Dari kejadian tersebut, tentu akan timbul sebuah pertanyaan, sahkah salatnya jemaah? dengan menimbang:

  1. Terdapat ketidaksinkronan arah kiblat jemaah dengan mihrab imam
  2. Ada jemaah yang berasumsi yang penting menghadap arah kiblat (timur jika di Maroko)
  3. Adanya perbedaan arah kiblat antar jemaah dan perbedaan tersebut berdasarkan pada dugaan (dzhon) masing-masing jemaah.

Perlu diketahui bahwa konsep istiqbalul kiblat dalam literatur Syafi’i terdapat beberapa perbedaan. Menurut qoul mu’tamad (pendapat yang dijadikan rujukan) dalam Mazhab Syafi’i, orang yang salat (musolli) diwajibkan untuk menghadap tepat persis ke “’ainul kiblat” . Sehingga mau bagaimanapun, jika berpegangan dengan pendapat ini salat jemaah tersebut tidak sah karena tidak adanya tanda yang dapat dijadikan pegangan (i’timad) agar diperbolehkan untuk tayamun (serong ke kanan) dan tayasur (serong ke kiri) dari mihrab imam. Sebagaimana disebutkan dalam kitab al-Bajuri:

اي استقبال عينها لا جهتها على المعتمد في مذهبنا ….
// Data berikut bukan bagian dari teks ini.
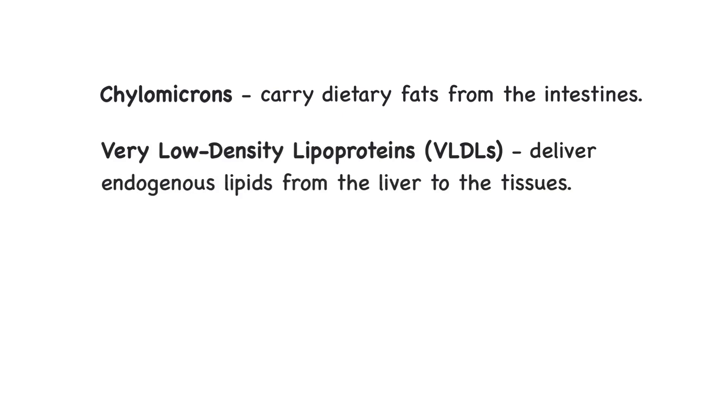Very low-density lipoproteins, or VLDLs, are made by the liver. These carry mainly endogenous, or made-in-the-body, lipids. VLDLs carry triglycerides to the cells for energy or storage.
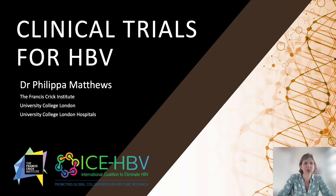My name is Philippa Matthews. I'm an infection doctor in the UK and I lead research into hepatitis B virus. I'm going to talk briefly about clinical trials.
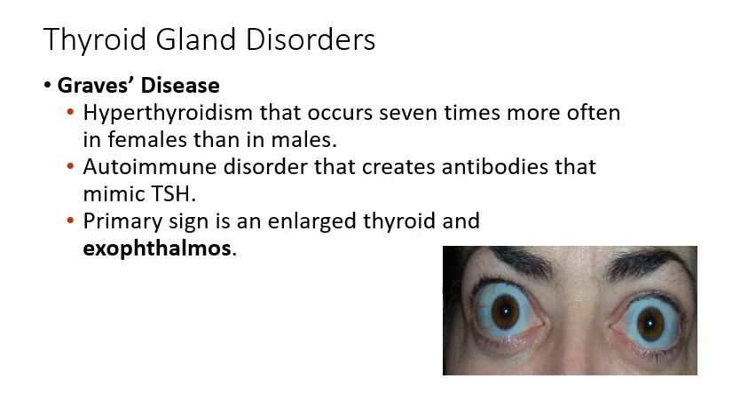Graves' disease is a specific type of hyperthyroidism caused by an autoimmune problem. The body creates antibodies that resemble thyroid stimulating hormone, so the thyroid keeps producing too much T3 and T4. You get all the common hallmarks of hyperthyroidism, plus these characteristic bulging eyeballs called exophthalmos.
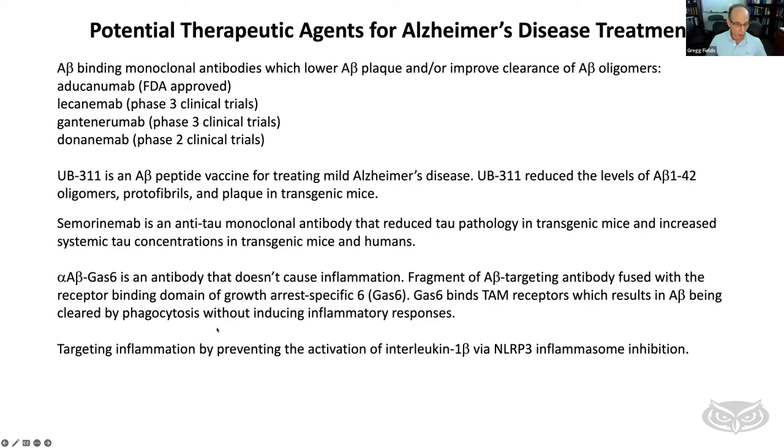Another strategy involves inhibiting the so-called inflammasome, which is responsible for inflammation through activation of interleukin-1 beta. This is early-stage but an interesting approach. We may ultimately get to a stage where multiple drugs are used to fully combat the disease. Most of these antibodies are developed for people with early stage Alzheimer's. As the disease progresses, it may be necessary to use combinations of therapies to more effectively fight it.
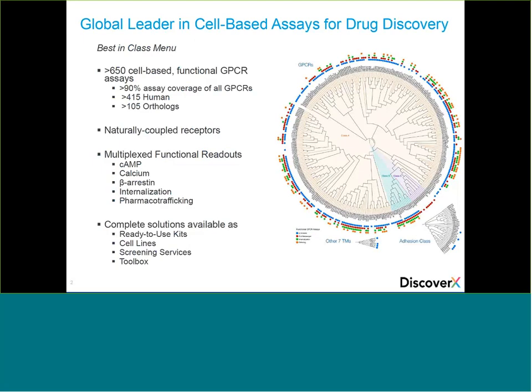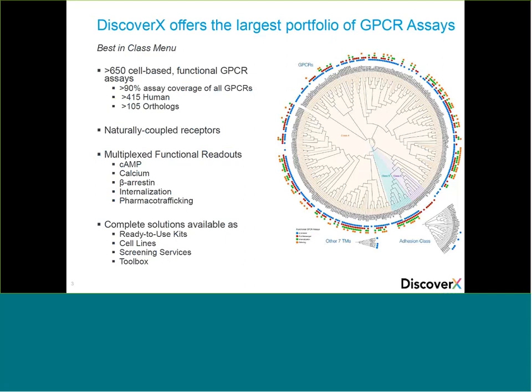With over 15 years of experience and over 1,700 publications across multiple applications, these solutions deliver reliable data to support and drive any drug discovery program. GPCRs represent the largest class of validated therapeutic targets with over 30% of currently marketed drugs targeting these receptors. DiscoverX offers the largest portfolio that includes over 650 functional assays, covering more than 90% of this receptor class, available with cyclic AMP, calcium, beta-arrestin, and internalization as functional readouts in single or multiplex mode.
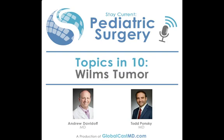It's hard to stay on top of the rapidly changing literature in the limited hours we have in a day. Here at Stay Current, we are starting an ultra-focused podcast series, Topics in 10, for those times you need just the cliff notes. Have you ever asked what exactly is Wilms tumor? Dr. Andrew Davidoff, Chairman of Surgery at St. Jude's Children's Research Hospital, joins us to give us the essentials.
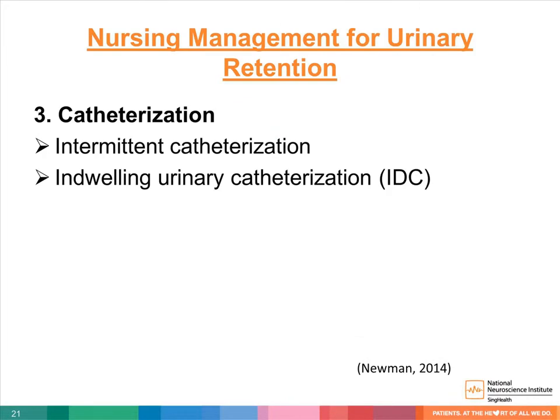Other supportive care includes intermittent catheterization (IC), recommended as a supportive measure to prevent the bladder from becoming overly distended. An overly distended bladder may develop high intravesical pressure, which can cause damage to the upper urinary tract through reflux to the kidney. It is usually performed by nurses or caregivers every three to six hours, depending on individual retention volume. Indwelling urinary catheterization (IDC) is recommended for patients with an obstructive cause where other interventions are not feasible.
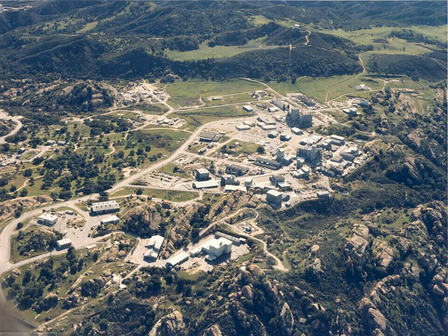For the rest of the SSFL property, responsible parties are Boeing and/or NASA, depending on the area, contaminant types, and physical toxin location — i.e., surface soils, aquifers, deep bedrock, etc.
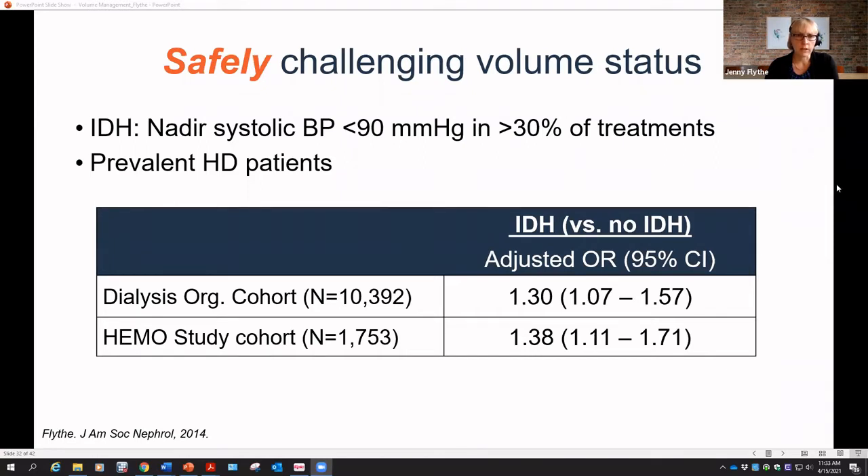Data from a study we did found that patients who, in more than 30% of their treatments, had blood pressures less than 90 mmHg — that definition of intradialytic hypotension was associated with increased all-cause mortality. Across a range of definitions we examined, this was the only one significantly associated with mortality. Adding symptoms or interventions like turning off UF rate or giving saline bolus didn't change the association.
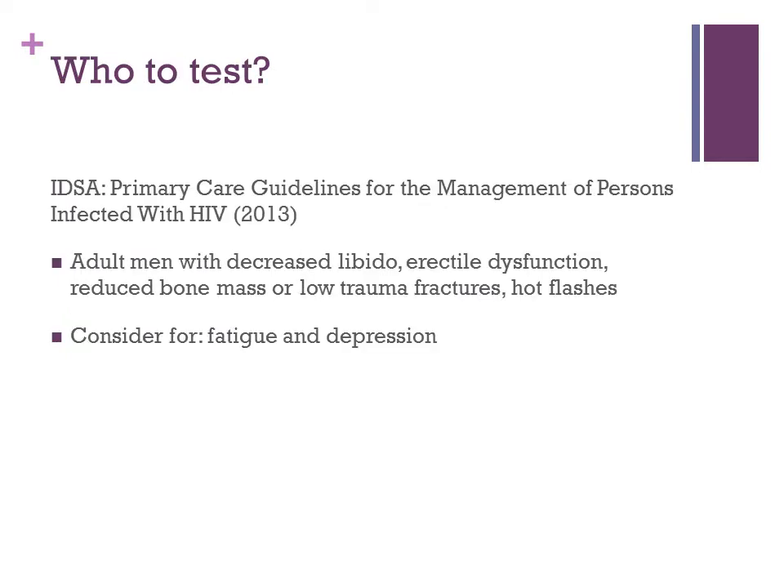Who should you test for hypogonadism? Looking at the IDSA primary care guidelines for management of persons with HIV, they recommend testing patients who have reported decreased libido, erectile dysfunction, reduced bone mass or low-trauma fractures, or who report hot flashes. You may also consider testing patients who report vague symptoms such as fatigue or who have depression.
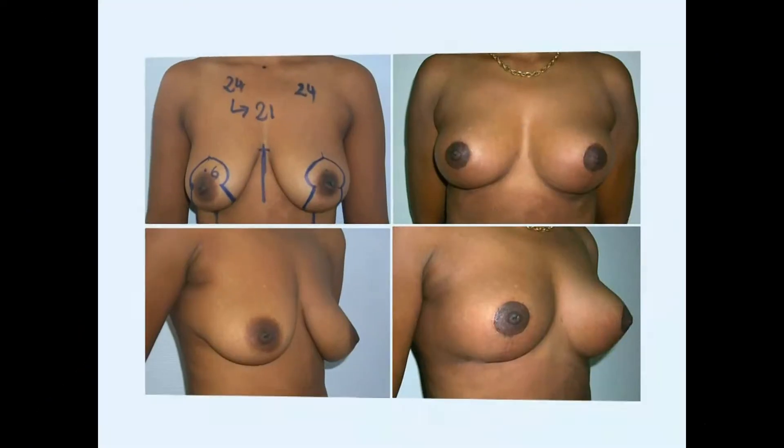Breast reduction is always a challenge, certainly when you have patients with large breasts. Most plastic surgeons around the world use an inverted T-scar technique to reduce or lift the breast, but this technique ultimately produces a flat breast with three scars. The question is whether we are able to produce a conic breast and achieve a long-lasting result with a minimum of scars.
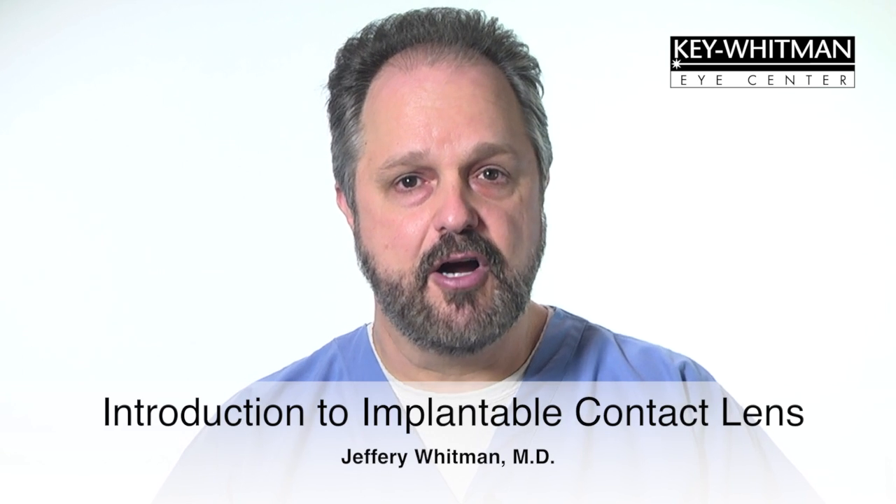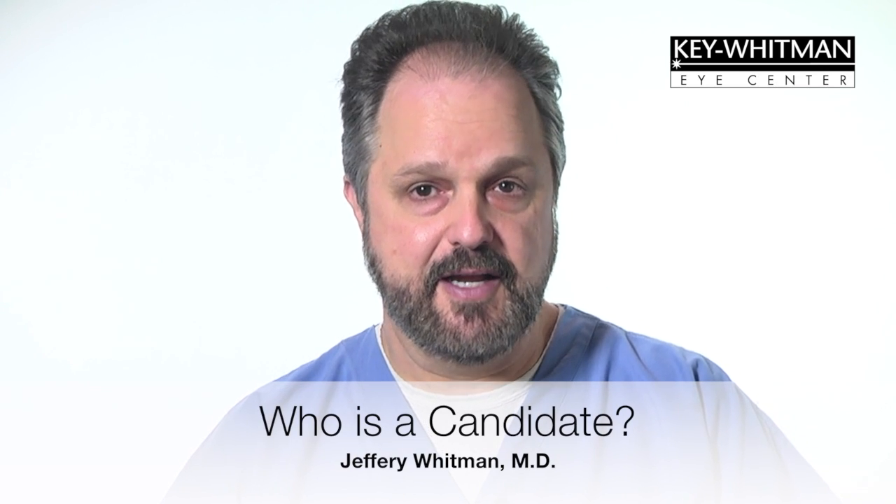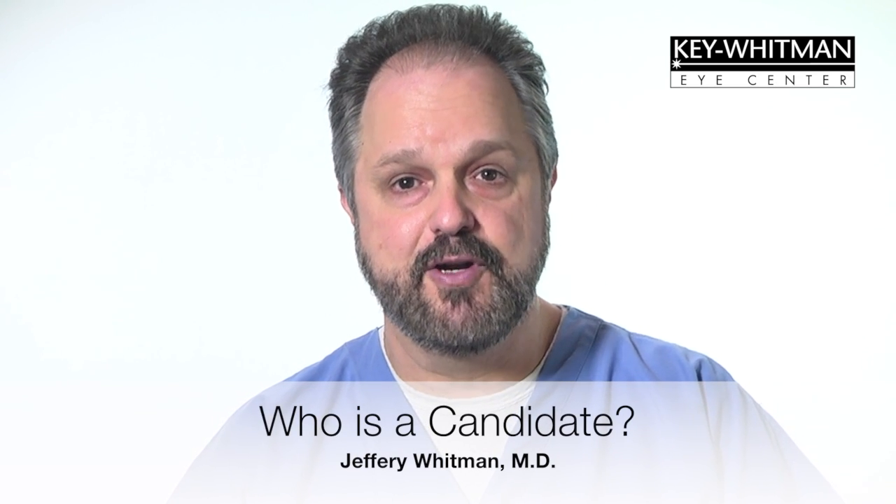Hello, I'm Dr. Jeffrey Whitman. Welcome to Key Whitman Eye Center. Today, Dr. Hawk and I are going to talk about the implantable contact lens, or ICL. When a patient is not a good candidate for LASIK or PRK because of the severity of their nearsighted condition, or simply because they just don't have enough corneal tissue to treat with the laser, the ICL is often a good option for patients.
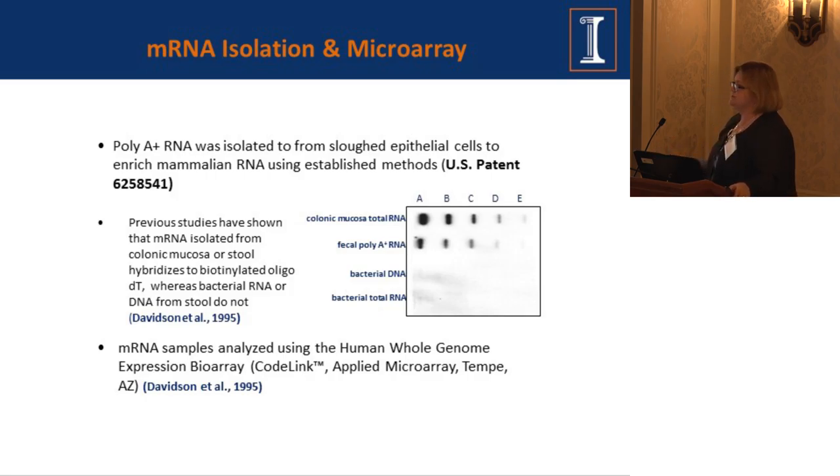In early studies, we got questions: are you sure you're really getting host mRNA? Is it contaminated? Rob had done a study with adult subjects going in for routine screening colonoscopies. They collected stool samples prior to bowel cleanse, and during the colonoscopy they also got tissue biopsies. Using a slot-blot hybridization: mammalian mRNA has a poly-A tail, and bacteria doesn't. Looking at hybridization to a biotinylated oligo-dT, with colon mRNA and fecal poly-A we see hybridization, but not with either bacterial DNA or RNA.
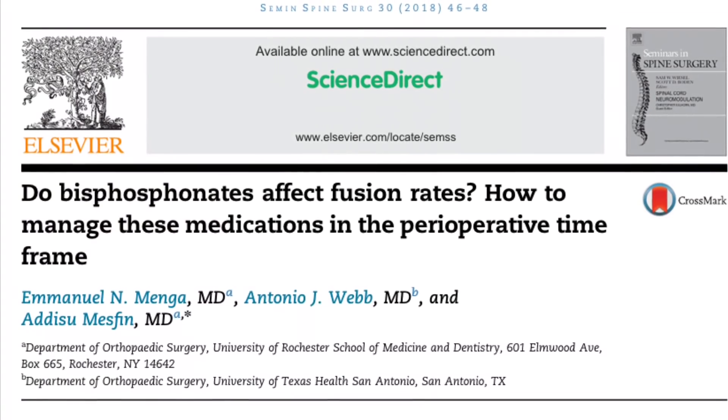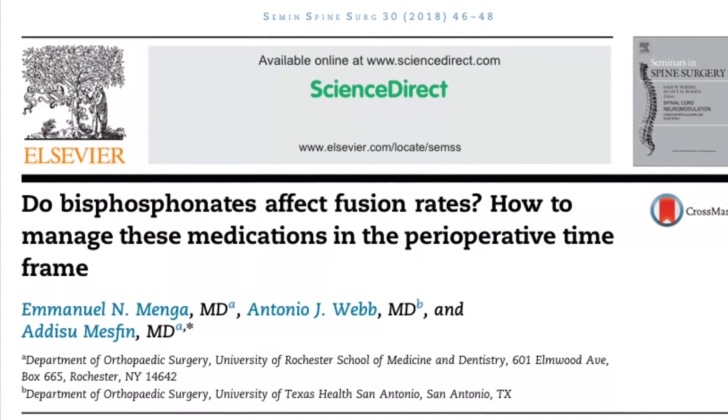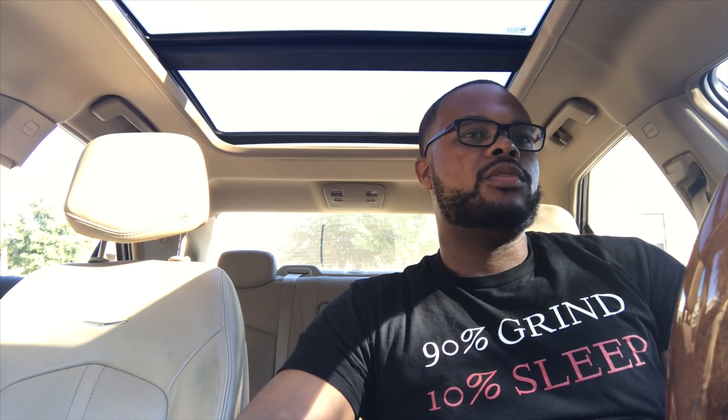Other types of research include review research, where you basically review a particular topic. One article I got published was on bisphosphonates and spine surgery. Bisphosphonates are given to patients with low bone quality to improve their bone. I assisted in writing up an article about how bisphosphonates can affect outcomes when trying to fuse a patient's spine, and that was published as well.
“Maksud dari istiqbalul kiblat di sini adalah menghadap tepat ke kabah, bukan hanya sebatas arah. Dan pendapat ini merupakan pendapat yang mu’tamad di mazhab kami (Mazhab Syafi’i).”¹

Tapi hal ini berbeda dengan pendapat beberapa Ulama Syafi’iyah yang mencukupkan untuk menghadap ke “jihatul kiblat” saja (timur jika di Maroko). Beberapa Ulama Mazhab Syafi’i yang berpendapat demikian seperti: Imam Ghozali, Imam Mahali, Imam Ibn Kaj, Imam Ibn Abi Asrun dan Imam Jurjani. Dan ditambah lagi pendapat ini sejalan dengan pendapat yang diusung oleh Imam Malik dan Imam Abu Hanifah.

Maka, hukum keabsahan salat jama’ah seperti yang disebutkan, dikatakan sah secara mutlak jika berpegangan dengan pendapat ini. Sebagaimana yang dipaparkan di kitab Bugyatul Mustarsyidin.

و القول الثاني يكفي استقبال الجهة، اي إحدى الجهات الأربع التي فيها الكعبة لمن بعد عنها وهو قوي….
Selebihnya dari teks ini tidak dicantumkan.